By Nayeefa Chowdhury - posted Tuesday, 19 July 2005

The onset of the post-Cold War world has witnessed a proliferation of theses by analysts on the trajectory of international conflict in the 21st century, of which Fukuyama’s and Huntington’s have received widespread attention.

The chairman of the Harvard Academy of International and Area Studies, Professor Samuel P. Huntington’s pessimistic prognosis predicts Islamic militancy:

As one significant dimension of the final evolutionary stage of international conflict, the clash between “the West and the rest” … [where] the West is defined in terms of a commitment to “individualism, liberalism, constitutionalism, human rights, equality, liberty, the rule of law, democracy, free markets, the separation of church and state”, and arrayed against it are … opposing identities and movements [voicing] an expression of particularism and differences over universality and equality.


On the contrary, a political economist and professor at the Johns Hopkins University, Francis Fukuyama’s optimistic schema (pdf file 143KB) predicts Western models of liberal democracy to be “the final form of human government” and the end point of mankind’s ideological evolution, as “[there will be] total exhaustion of viable systematic alternatives to Western liberalism”.

This article addresses the usefulness (or the lack thereof) of their attempts to construct ways of understanding the aspirations of Muslim societies towards globalisation. “Globalisation” is defined here in political, technological, cultural and economic terms.

Huntington’s confusing civilisation paradigm

Islam, an Abrahamic faith, shares the monotheistic root and ethical vision of Huntington’s and Fukuyama’s “Judeo-Christian heritage” and “Christian universalism” that are equated with the root of Western civilisation and liberalism. Paradoxically, the actual track record of tolerance, concept of human rights, religious pluralism and freedom of religion exemplified by the early Muslim empires in treating non-Muslim citizens far exceeds its Judeo-Christian counterparts.

Islamic and Western civilisations boast a long history of mutual co-operation and integration. Examples include the amalgamation of mediaeval Islamic philosophy and Greek philosophy, the foundation of the Renaissance and the willful appropriation of modern science and technology by Muslim societies. Hence, in an increasingly interdependent world of today where the cultural “fault lines” have dramatically become more permeable, Huntington’s “the West and the rest” civilisation paradigm lacks much relevance.

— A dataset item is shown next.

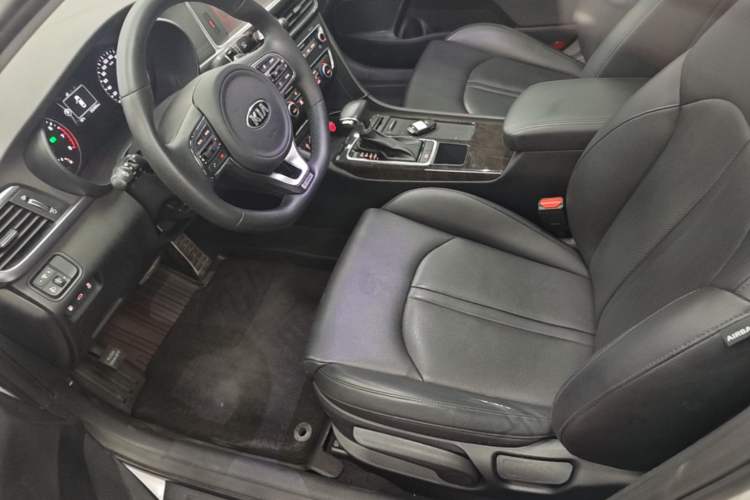 Used Kia K5 2016 1.6T Automatic LUX Left Front Seat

Demographically, Islam today has spread across the Middle East, South Caucasus (Azerbaijan), Europe (Albania, Turkey), Asia, and Africa, encompassing 48 Muslim-majority nation states with diverse cultural heritages and traditions. Muslims make up a significant minority in the West including Bosnia, France, Germany, UK and US. Therefore, the spectre of a monolithic Islamic threat that both Huntington and Fukuyama perceive makes little sense.

Causes of anti-Western sentiments

Fukuyama’s misleading conjecture that Muslims’ anti-American sentiments are born out of a resentment of “western success and Muslim failure” obscures the fact the West in general, and the US in particular, is seen as having a double standard with regard to international policy-making. Examples include the US’s discriminatory stance on:

  • the violation of UN resolutions (Israel, Iraq);
  • the prevention of support for so-called terrorist organisations (IRA, HAMAS); and
  • tolerance of the mixing of religion and politics in nation-states (Eastern Europe, Algeria).

Most important, despite its self-proclaimed espousal of the principles of intellectual and political liberalisation and pluralism, democracy, and right to self-determination, the West is seen to be supportive of the repression of authentic populist Islamic movements in countries including Algeria, Egypt and Lebanon.

Contrary to Huntington’s hypothesis, the clash of competing national, regional political and strategic interests, and socio-economic issues, rather than civilisational hostility, play the dominant role in the conflicts between the West and the Muslim world. This fact is further evident in the US’s differing relationships with countries identified with Islam, such as Bahrain, Iran, Libya and Saudi Arabia, or its policy towards Japan or Saudi Arabia - countries belonging to cultural “fault lines” as articulated by Huntington.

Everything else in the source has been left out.